Faced with the allegations, Ms. Ruthardt last year considered reopening the EMLICO redomestication but decided instead to pursue the fraud charges as part of an examination of Massachusetts-based Electric Insurance, headed by several former EMLICO officers.
As part of this investigation, the Insurance Division subpoenaed EMLICO-related records from several consultants, including Tillinghast-Towers Perrin.
The settlement talks between regulators, GE and EMLICO were disclosed last month when the parties jointly sought to delay a court action to enforce the Tillinghast subpoena (BI, March 3).
Sources familiar with the talks last week confirmed a Boston Globe report that the deal calls for the Massachusetts division to become ancillary receiver for EMLICO with oversight of GE environmental and asbestos claims settlements.
Under the proposed deal, EMLICO liquidators with Coopers & Lybrand would negotiate claim settlements with GE and then submit the settlement packages to Massachusetts regulators for approval, the sources say.
"Large" claims would also be subject to additional review by a special master appointed by the state Supreme Judicial Court, according to one source, who could not say how "large claims" will be defined.
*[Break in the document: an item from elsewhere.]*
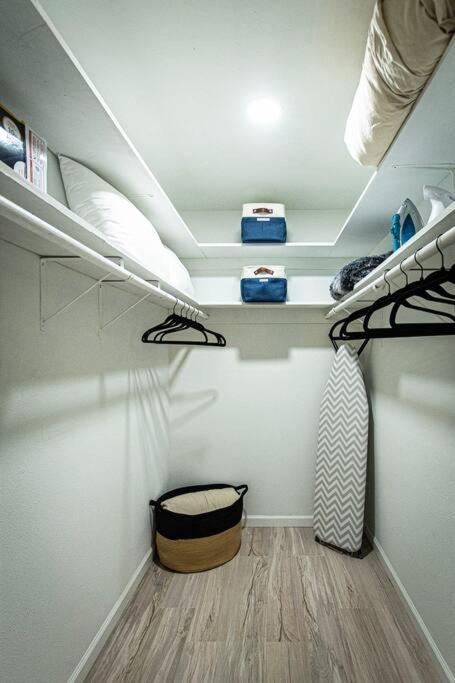 Downtown Austin Suite Retreat - Housity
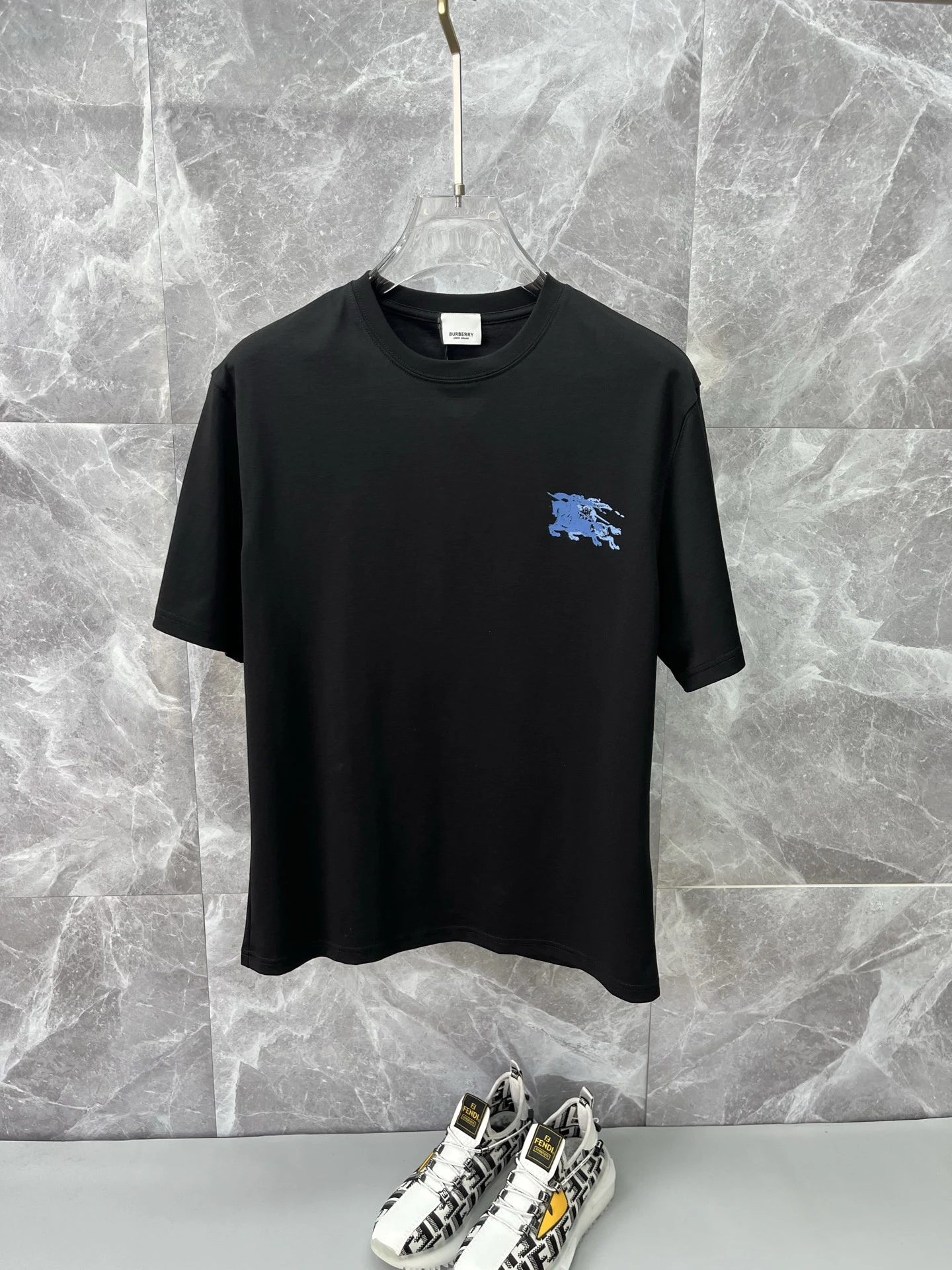 Burberry T-Shirt — 0d0897ef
Reinsurers would have "ample opportunity" to air objections to these settlements in the court approval process, the source said.
If Massachusetts authorities rejected a settlement, it would return to Bermuda for renegotiation.
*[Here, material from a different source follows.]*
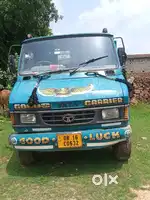 TATA 709 2004 MODEL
Massachusetts law would apply to the GE claims and to issues related to reinsurance coverage, according to the sources.
As part of the deal, the Massachusetts division also would reaffirm its approval of EMLICO's reorganization and is expected to drop its investigation of alleged fraud by GE and EMLICO, the sources say.
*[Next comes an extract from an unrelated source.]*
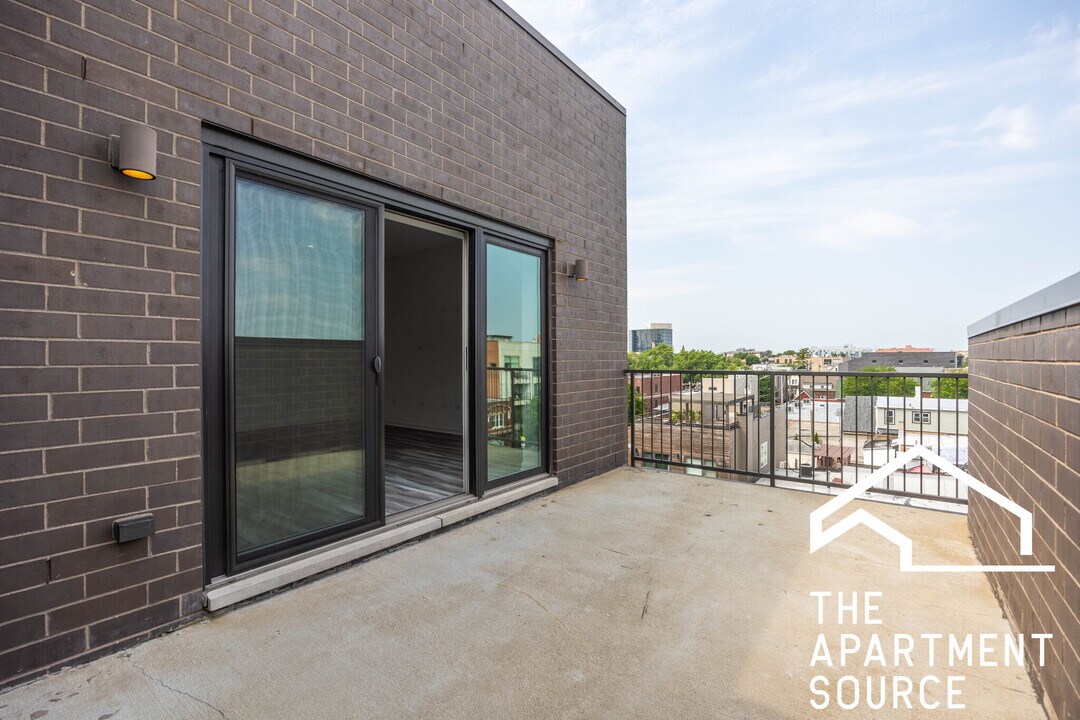 2533 W Fullerton Ave, Unit 03 in Chicago, IL - Building Photo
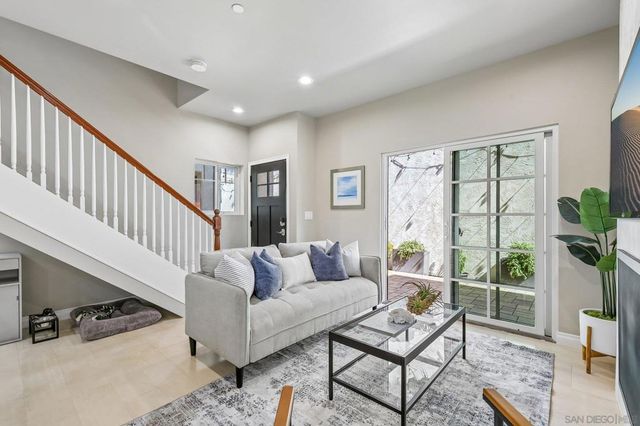 836 C Ave., Coronado, CA 92118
Reinsurers and legislators have already objected to this reported provision.
"The issue of fraud on a public agency is being swept under the rug," charged Joseph T. McCollough IV, a lawyer with Lovell White Durrant in Chicago, representing Kemper Re.
"I am concerned that the questions raised concerning the process utilized by the division in the course of the EMLICO hearings and the adequacy of the financial information provided to the division in this regard remain unanswered," State Rep. John P. Slattery said in a letter to Ms. Ruthardt.
"I respectfully urge you to incorporate into any agreement. . .a provision requiring full and complete disclosure of EMLICO's financial position as of the date of entry of the redomestication order."
State Sen. Michael W. Morrissey also questioned "why other people, including reinsurers, were not asked to participate, and the intent of having this deal done behind closed doors rather than through a public hearing process as it should have."
Reinsurers also raised several questions about the deal that remain unanswerable in the absence of specifics on how the agreement would work.
It is unclear, for example, whether EMLICO's liquidators might still argue that reinsurers are subject to Bermuda liquidation law, which allows the liquidators to estimate future claims and attempt to collect immediately from reinsurers, reinsurer lawyers say.
Also unclear is how the deal would affect the insolvency clause in reinsurers' contracts, which allows them to interpose defenses to GE claims against EMLICO. Reinsurer lawyers wonder, for example, whether Bermuda liquidators would be allowed to settle claims with GE with no argument from reinsurers.
Reinsurers also questioned whether Massachusetts authorities really will have much control over GE claims if the settlements are reached in Bermuda and presented to regulators as done deals.
"GE's claims against EMLICO will continue to be handled by GE's handpicked liquidators, with GE acting as the puppeteer," Mr. McCollough charged in a statement.
Negotiators for the Insurance Division, EMLICO's liquidators and GE were meeting Friday afternoon to work on the deal, and sources familiar with the talks said they were unsure when an agreement might be finalized.